According to the company, children aged less than five years are mainly sensitive to the expression of STEC bacteria after having contaminated foods.

The production of toxin in the person’s gut triggers bloody diarrhea, and its translocation and accumulation in the systemic compartment can lead to HUS, which affects kidneys and blood platelets.

China’s NMPA approves sNDA for JW Therapeutics’ follicular lymphoma therapy

The China National Medical Products Administration (NMPA) has approved the supplemental New Drug Application (sNDA) for JW Therapeutics’ relmacabtagene autoleucel injection to treat relapsed or refractory follicular lymphoma.

The injection (abbreviated as relma-cel ) has been approved to treat adult patients with follicular lymphoma that relapses or is refractory in 24 months of second-line or above systemic treatment (r/r FL).

Developed by JW Therapeutics, relma-cel is an autologous anti-CD19 CAR-T cell immunotherapy product which has been developed based on Juno Therapeutics’ CAR-T cell process platform.

The regulatory approval marks relma-cel as the first cell immunotherapy product approved in China to treat r/r FL patients and the second approved indication after its launch in September last year.

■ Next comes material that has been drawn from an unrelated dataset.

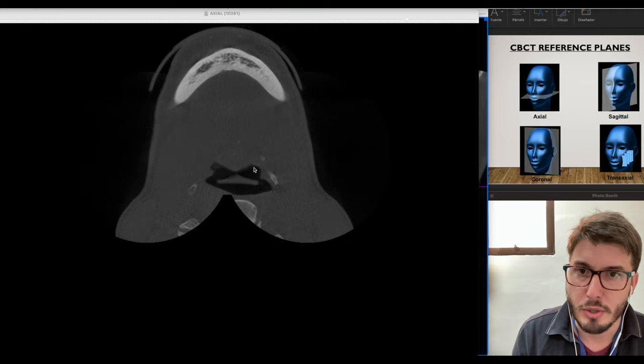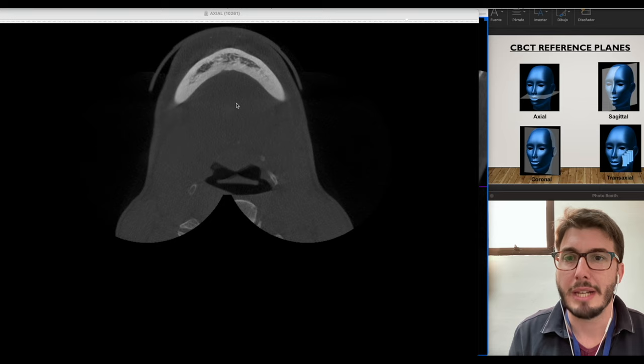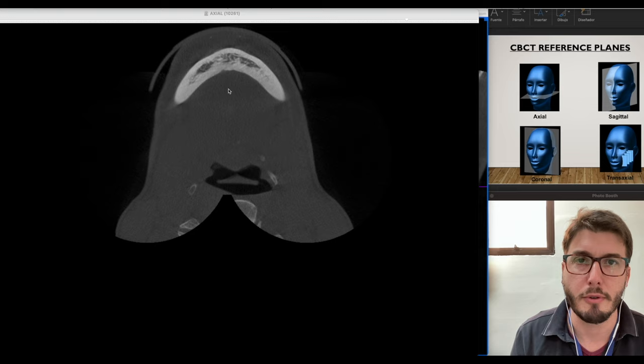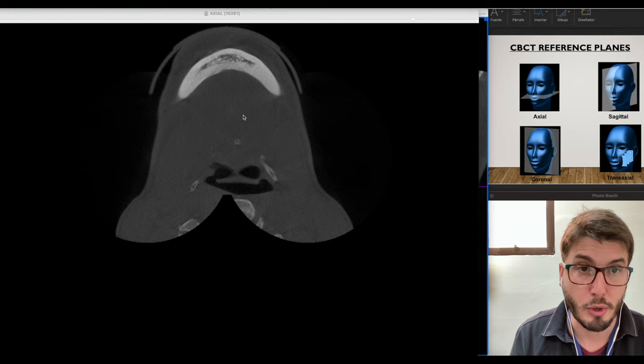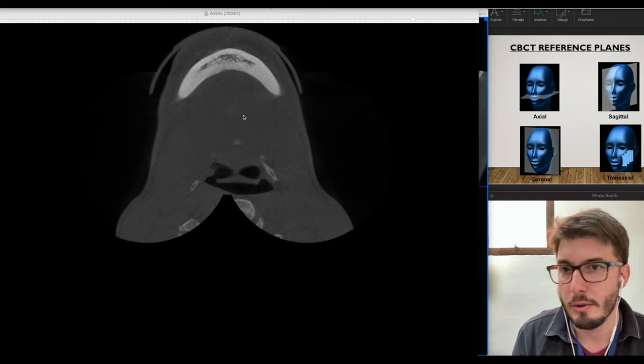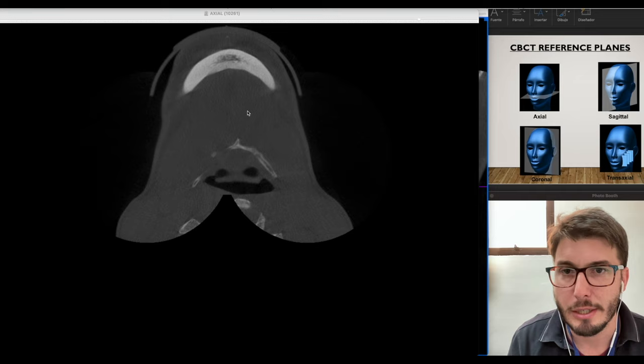Let's start with the mandible. I'm going to go from bottom to top of this scan, just like in the other video. If you don't remember how to navigate through CBCT, please go back to my CBCT tutorial — I'll add the link in the top right of this screen. So let's start with the base of the mandible; I have the cortical of the base of the mandible here.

It is based on the six months clinical data obtained from the cohort B of a multi-centre, single-arm pivotal RELIANCE study conducted on Carteyva in relapsed or refractory B cell non-Hodgkin lymphoma adult patients in China.

The findings demonstrated that Carteyva showed 92.58% overall response rate (ORR), 77.78% complete response rate (CRR) at month six, and controllable CAR-T associated toxicities in r/r FL patients.

JW Therapeutics co-founder, chairman and CEO James Li said: “Thanks to the patients and investigators who contributed to the clinical studies of Carteyva, and thanks to the regulators for the recognition of Carteyva.

“We are pleased with the second approved indication, which provides a new and breakthrough treatment option for r/r FL patients.

“JW Therapeutics is committed to maximising the value of Carteyva, continuously advancing technology innovation and pipeline development, and improving the accessibility of cell immunotherapy products.”